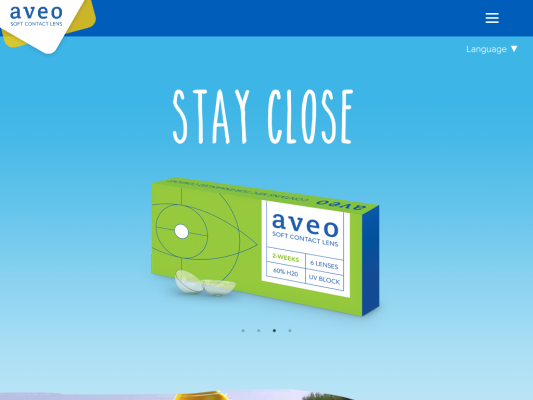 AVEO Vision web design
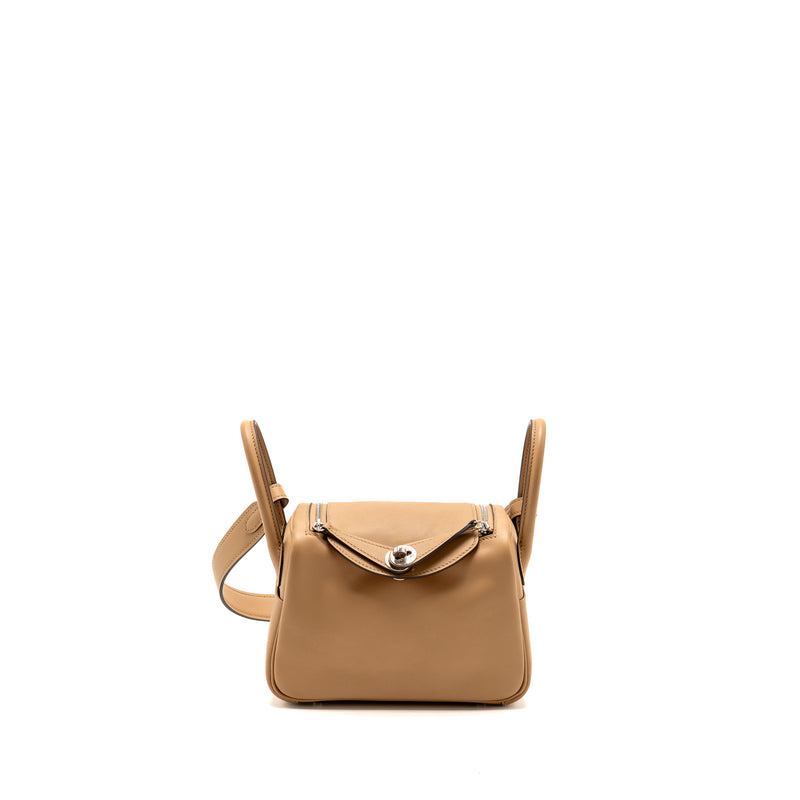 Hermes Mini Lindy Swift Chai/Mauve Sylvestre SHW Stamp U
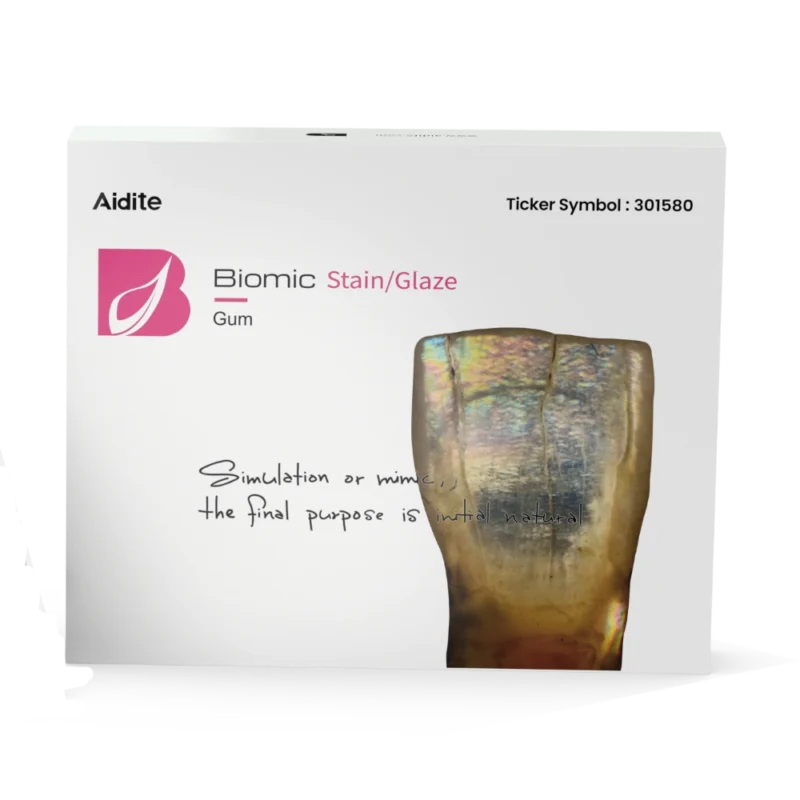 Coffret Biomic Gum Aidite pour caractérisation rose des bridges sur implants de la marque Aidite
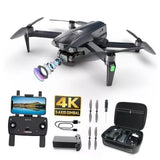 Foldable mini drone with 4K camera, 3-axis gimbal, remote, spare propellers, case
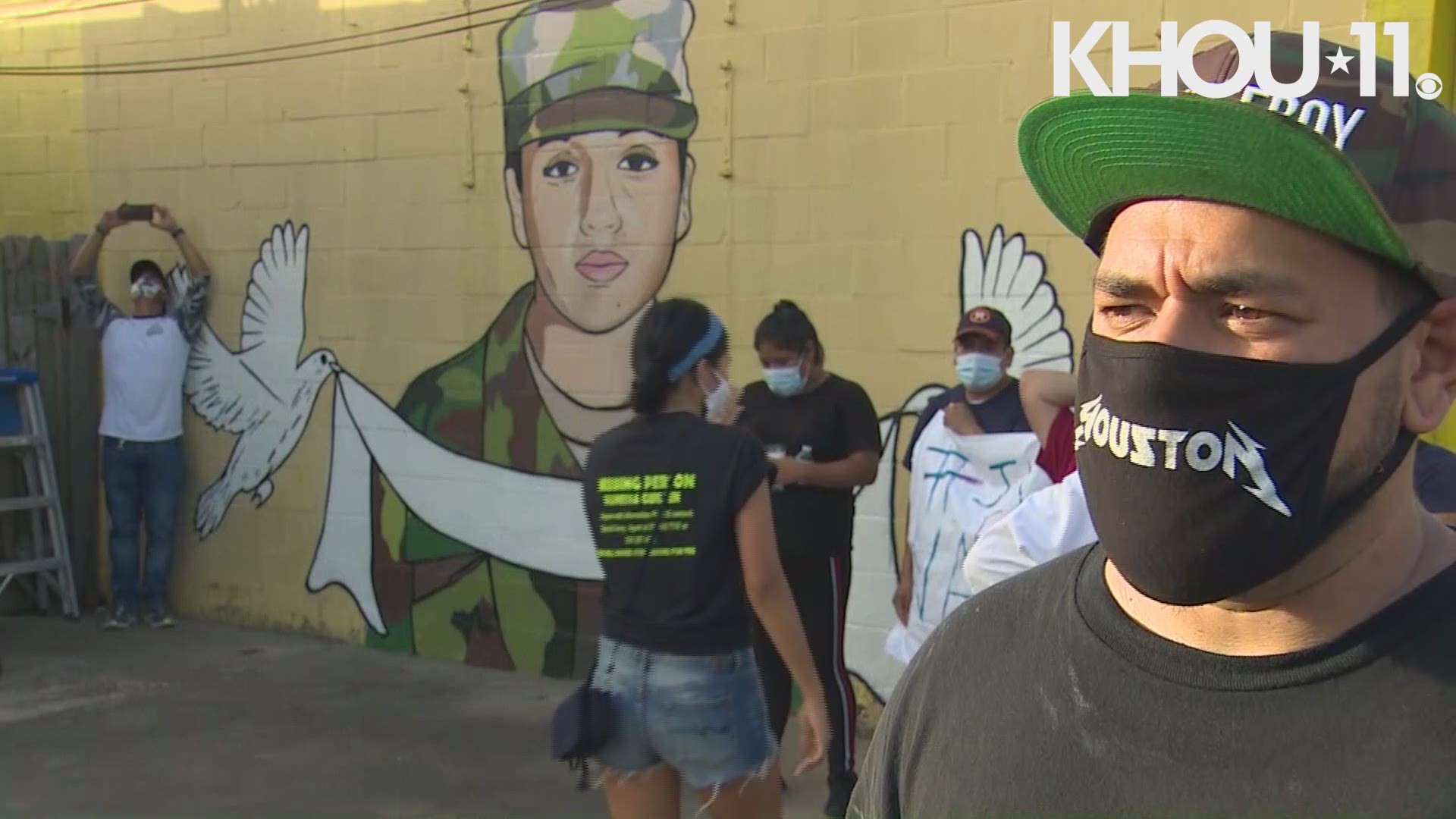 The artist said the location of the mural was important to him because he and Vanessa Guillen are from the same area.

====

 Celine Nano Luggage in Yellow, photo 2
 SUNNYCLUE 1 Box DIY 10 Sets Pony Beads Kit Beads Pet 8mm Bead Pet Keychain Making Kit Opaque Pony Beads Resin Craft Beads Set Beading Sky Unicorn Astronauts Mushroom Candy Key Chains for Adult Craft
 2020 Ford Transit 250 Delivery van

====

Brief: Output exactly the stretch of the listing that begins at the line containing "AVEO Vision web design" and ends at the line containing "Foldable mini drone", both kept. Omit pictures and everything else.

Written response:
 AVEO Vision web design
 Hermes Mini Lindy Swift Chai/Mauve Sylvestre SHW Stamp U
 Coffret Biomic Gum Aidite pour caractérisation rose des bridges sur implants de la marque Aidite
 Foldable mini drone with 4K camera, 3-axis gimbal, remote, spare propellers, case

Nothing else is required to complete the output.